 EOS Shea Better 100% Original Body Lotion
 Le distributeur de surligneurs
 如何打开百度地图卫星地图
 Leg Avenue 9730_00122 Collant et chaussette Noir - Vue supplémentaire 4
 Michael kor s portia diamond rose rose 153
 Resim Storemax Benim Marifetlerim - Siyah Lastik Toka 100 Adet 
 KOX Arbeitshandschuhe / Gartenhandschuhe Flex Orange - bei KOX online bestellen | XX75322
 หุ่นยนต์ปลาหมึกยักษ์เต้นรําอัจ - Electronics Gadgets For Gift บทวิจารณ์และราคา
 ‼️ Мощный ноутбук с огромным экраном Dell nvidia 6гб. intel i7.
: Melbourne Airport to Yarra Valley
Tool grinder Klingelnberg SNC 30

━━━━━━

* Task to carry out:
Everything from the line containing "to Yarra Valley" to the final line of the entries above should be output exactly, and nothing more.

* Response area:
: Melbourne Airport to Yarra Valley
Tool grinder Klingelnberg SNC 30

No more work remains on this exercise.